Web of Science data parser
Back in 2011 I have started my PhD in Technical University of Munich. During my first years, lots of my acquaintances asked me for an advice in searching PhD positions in EU and US as well as what are the best chairs to apply. Though I learned about the best chairs and Universities in Aerodynamics and related fields, I had no idea what to recommend to people who wanted to apply for a PhD position, say, in Chemistry. Still, I wanted to help. I searched for a ranking, which gives you the best people to supervise PhD in the chosen field and did not find any.
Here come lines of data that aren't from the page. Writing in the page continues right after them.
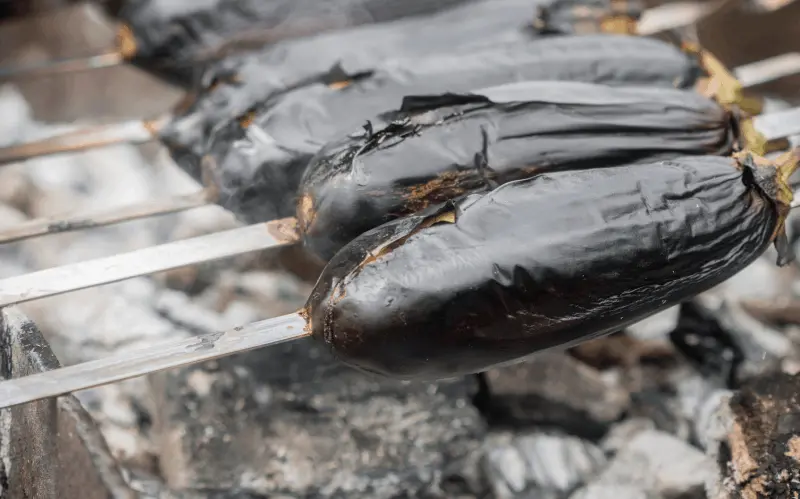 Hur Gör Man Grillad Auberginesallad På Campingen?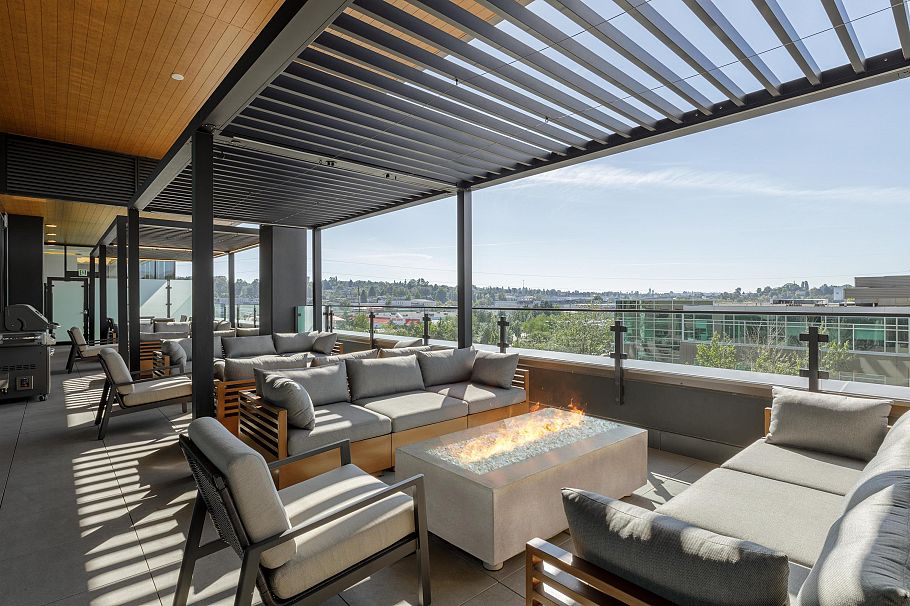 4304 4168 Lougheed Highway Burnaby, BC - 11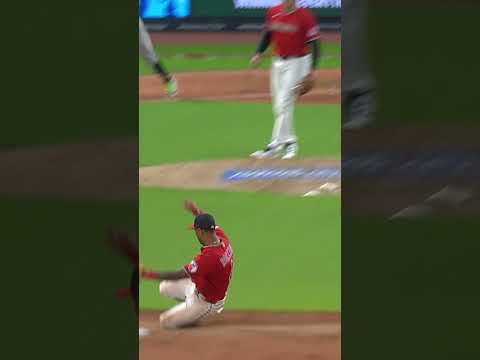Brayan Rocchio with an UNREAL double play 😲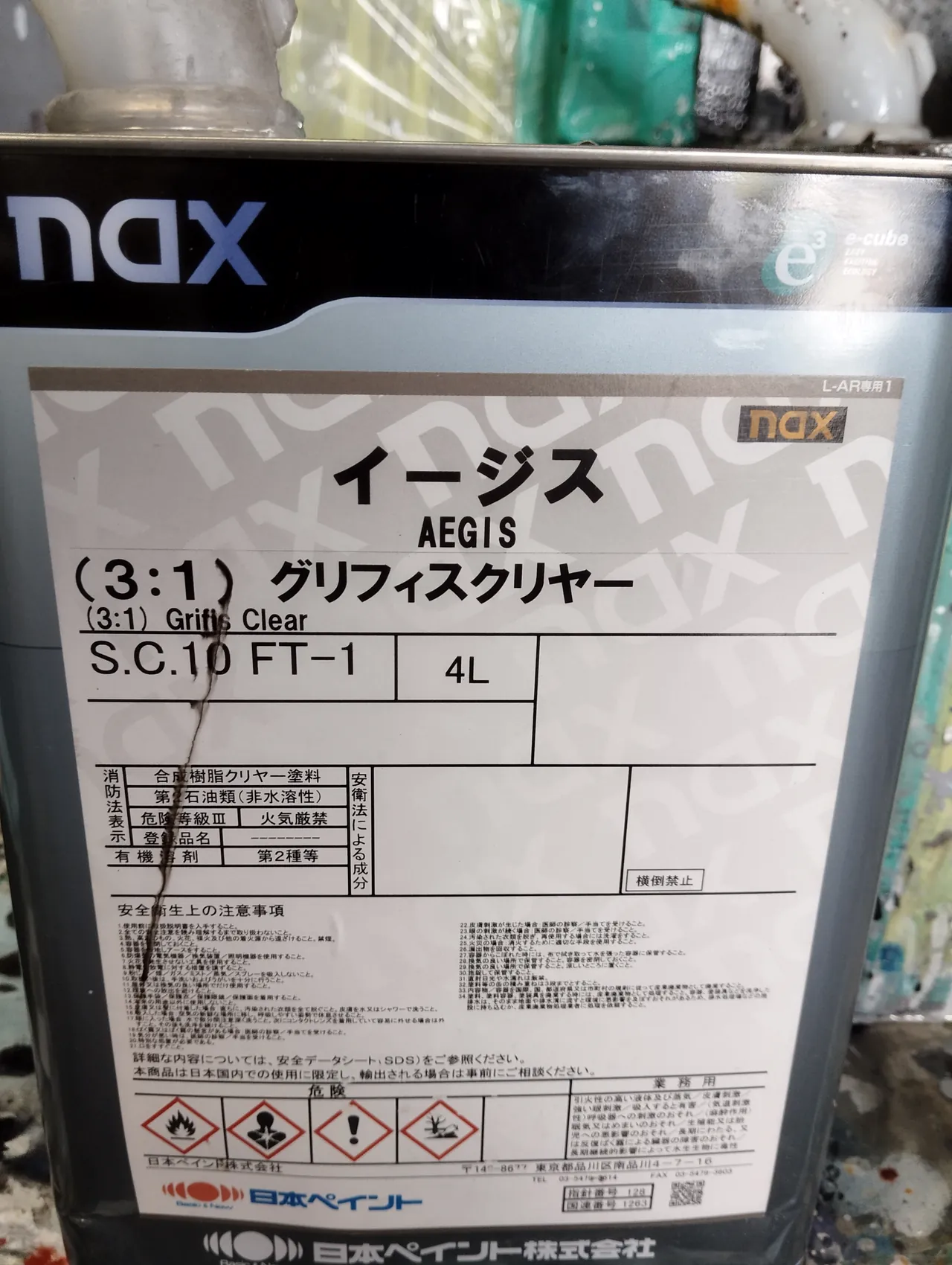 40系アルファードの塗装の合間に写したクリヤーの缶（日本ペイント nax イージス（3:1）グリフィスクリヤー）
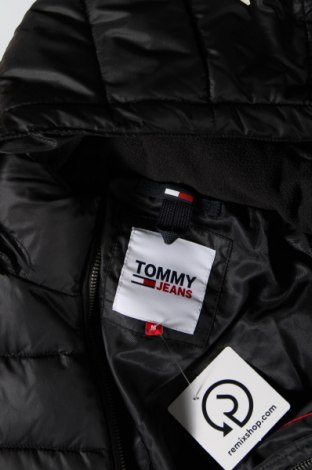 Dámska bunda  Tommy Jeans, Veľkosť M, Farba Čierna, Cena  100,93 €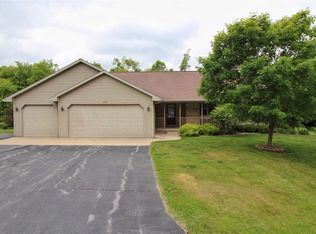 18840 Deerfield Dr, Denmark, WI 54208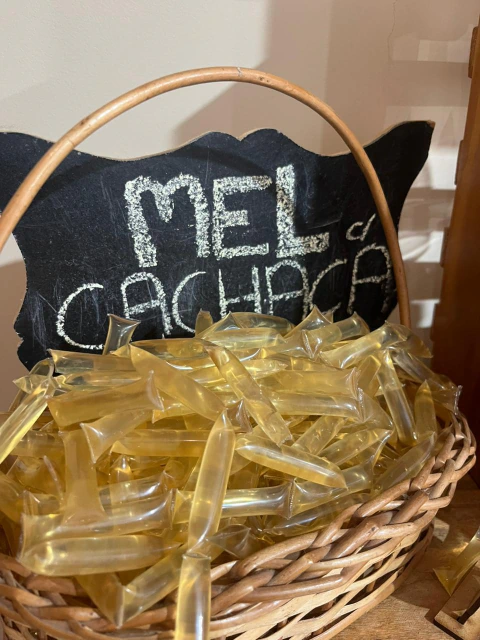 Tirinha de Mel Com Cachaça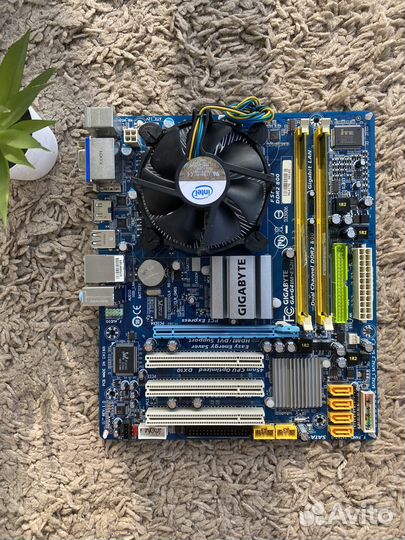 Материнская плата с процессором и памятью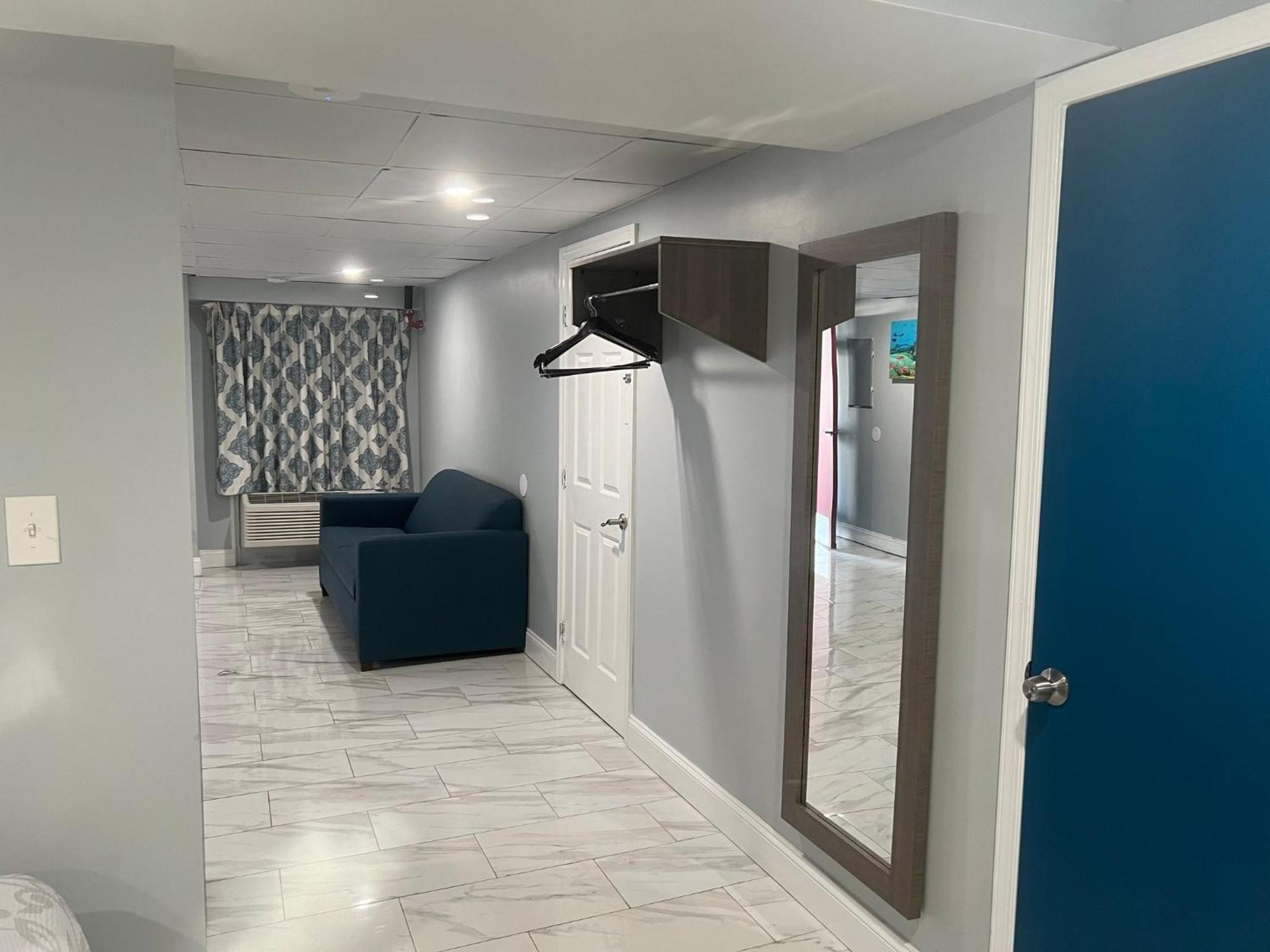 Red Roof Plus & Suites Virginia Beach - Seaside Extérieur photo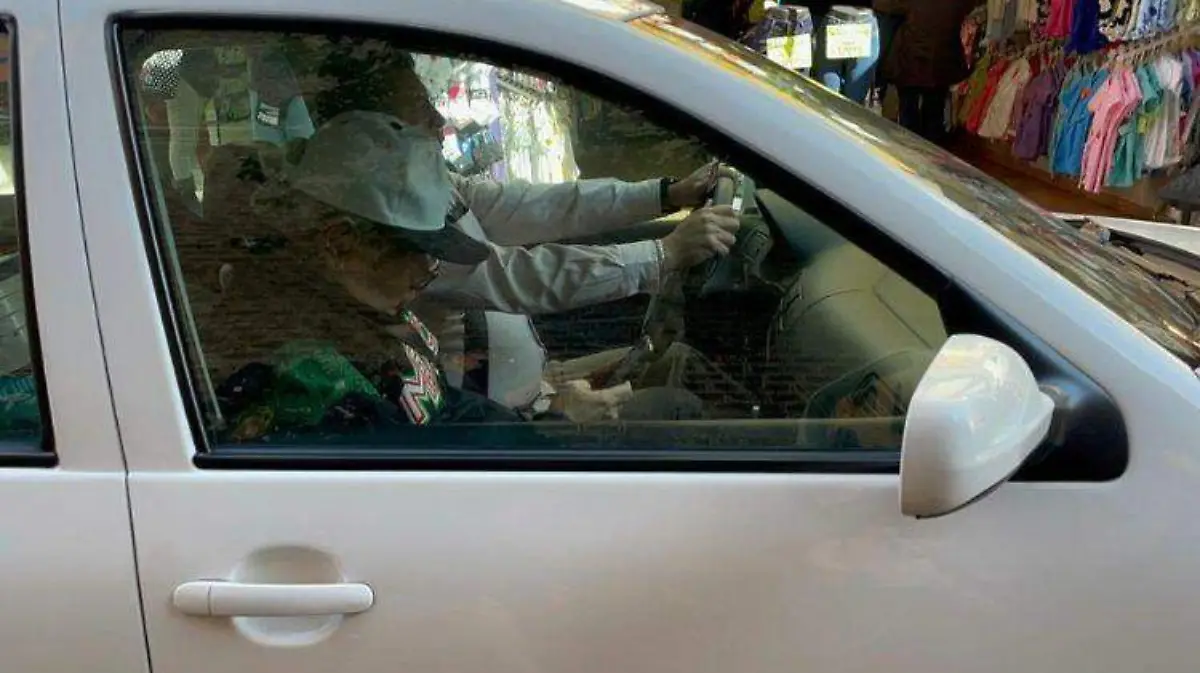 AMLO vuelve a las prácticas de Beisbol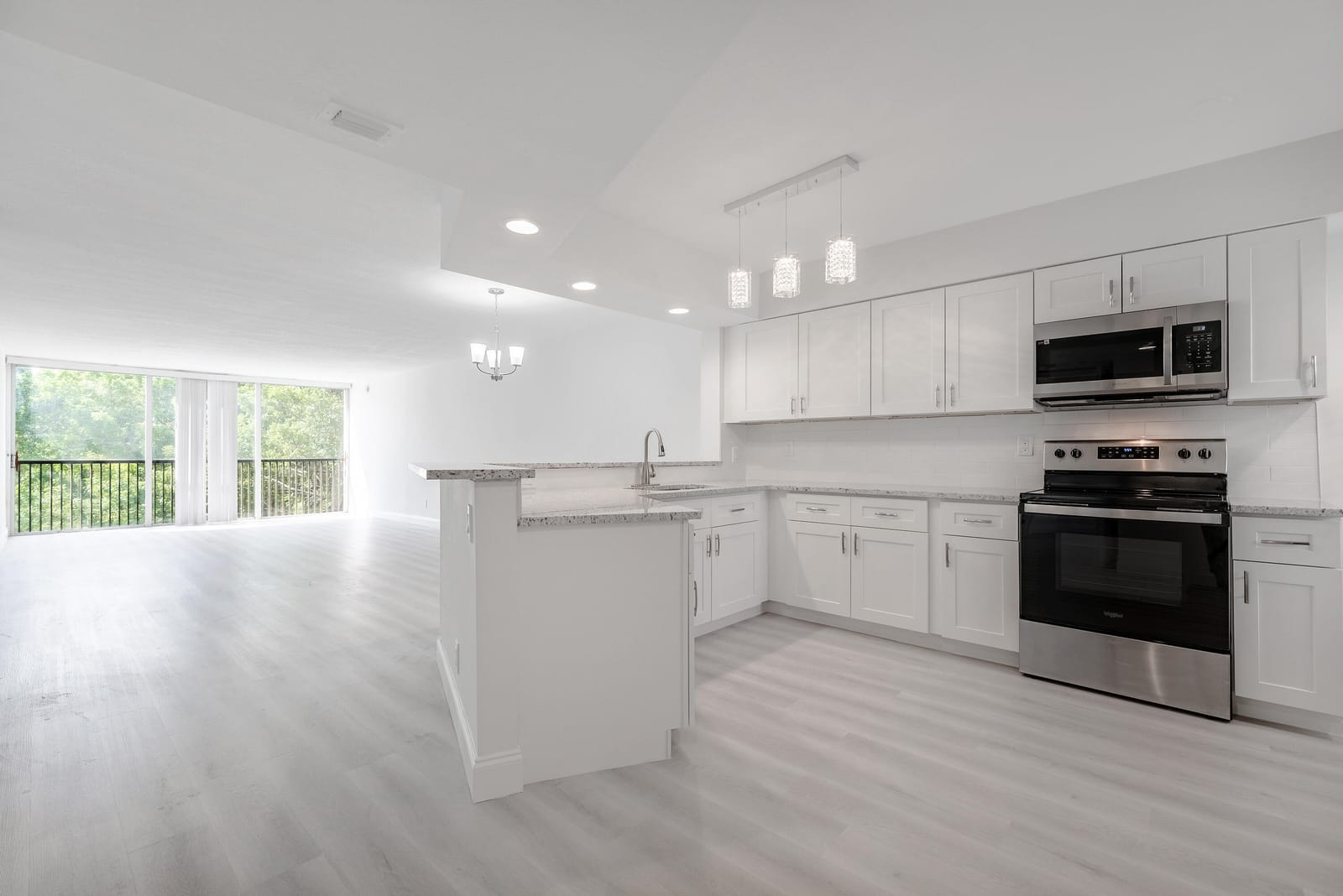 2208 S Cypress Bend Drive 407, Pompano Beach, FL 33069 photo 5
So together with my friend, we thought how to create such a ranking. The best idea which came to our minds is to sort people by the number of publications for the last 10-15 years in the chosen field. Such a criterion was imposed due to the idea, that if somebody is so highly productive and publishes a lot of papers, then it would be easier for new PhD students to publish and to graduate with a PhD degree in the field of their interest. In this sense, the number of publications might be more representative, rather than h-index. The criteria of the most numbers of publications might not be accurate to define the true ranking who is the best in the field. After all, they have Nobel prize, Fields medal, Abel prize for such purposes. But the ranking based on the number of publications gives top 10-30 people in the field to supervise PhD thesis. Usually, such highly productive people are heads of chairs, where the graduate student can apply.
We used the web-of-science database and wrote a small script in Python. On the web-of-science search tool one can set different types of filters, such as choosing location, field and years of publications.
The search results could be downloaded in txt files. The inconvenience is due to WoS allow to download up to 500 records at once, so to search through 10000 different publications one needs to press download button 20 times.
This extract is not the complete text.